I am fascinated by the sorts of quizzes designed to help a person know more about who they really are. One of my favorites is The Attachment Project's quiz, a long (20+ minutes) test of attachment style, some
hard thinking needed. An email address is required to get the full results.
The stuff with which I particularly agree is in italics, and most highly apt are in red bold.
• You may feel as though you’re “less than”
others. The low sense of self-esteem
associated with the anxious attachment
style often results in feelings of not being
good enough.
• You self-sacrifice and put the needs of
others first. This is often due to a lack of
sense of self and your own needs.
• Due to an inconsistent formative period,
you may feel as though you’re unworthy of
love. Thus, you seek external validation
and reassurance from others in an attempt
to prove to yourself that you deserve love.

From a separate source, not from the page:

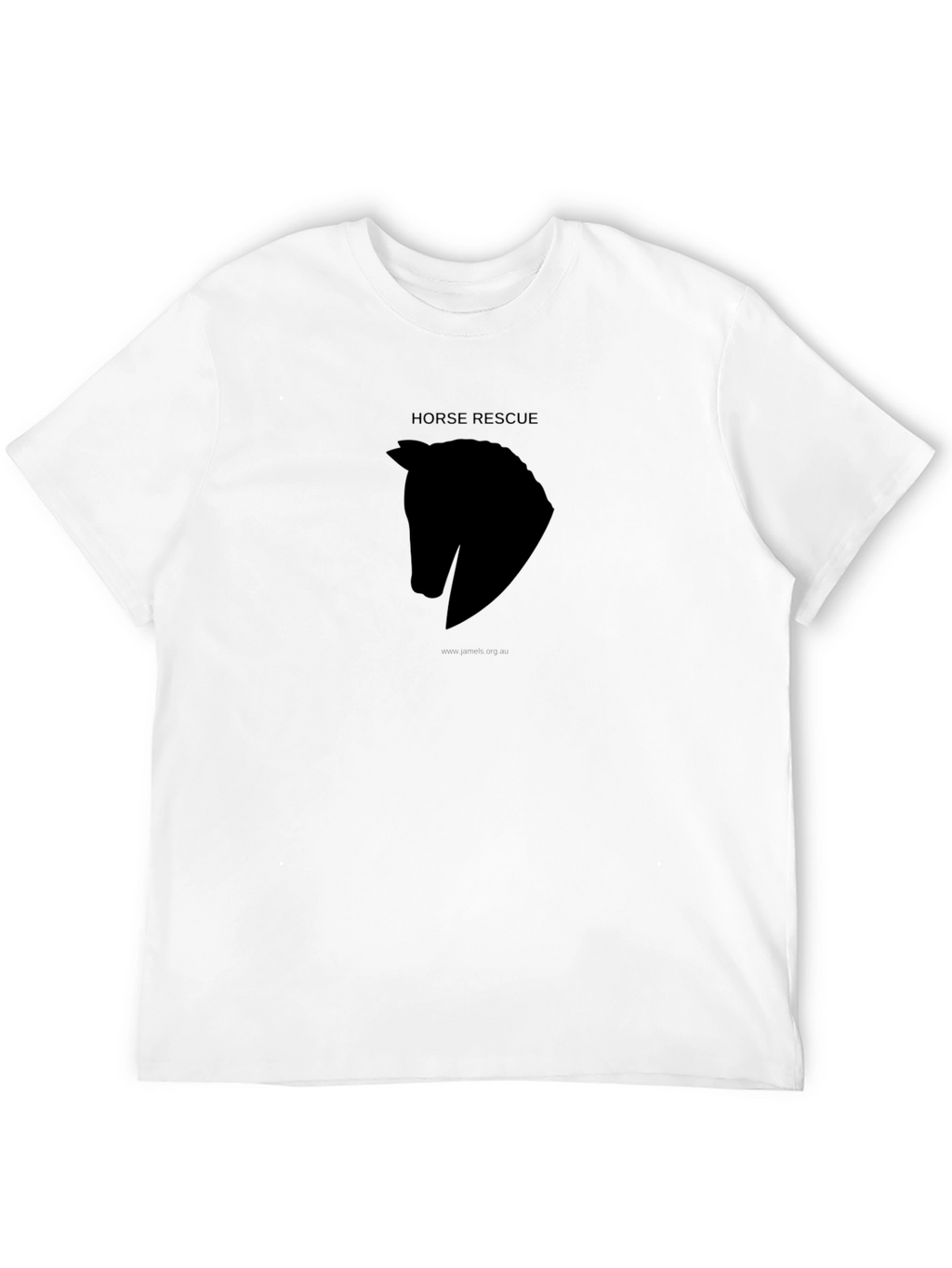 Horse Rescue Black Tee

• You struggle with being single or alone for
periods of time. Relationships and
intimacy are strongly connected with an
anxious attacher’s feelings of self-worth,
therefore you may crave attention and try
to impress others in an attempt to get it.
• You are caring and kind to your partner’s
needs. However, because you may
become preoccupied with catering to your
partner’s wants, they may end up feeling
as though they need space from the
relationship.
• You fear rejection and criticism. Thus, you
may become highly upset at any form of
disapproval from your partner.
• You are attentive to your loved ones—almost to a fault. Others may end up
taking advantage of your kind and
generous nature.
• You are hypervigilant towards any threat
to your relationships. Due to your fear of
rejection and need for intimacy, you may
overanalyze all of your partner’s actions,
but yet misinterpret fundamental problems
in the relationship.
• Due to a lack of self agency, you may
struggle with making decisions and
instead rely on a partner to do so.
• You may act clingy and needy towards
your partner if they attempt to spend time
with others outside of your relationship.
What’s more, you might experience intense
feelings of jealousy and frustration if they
do so.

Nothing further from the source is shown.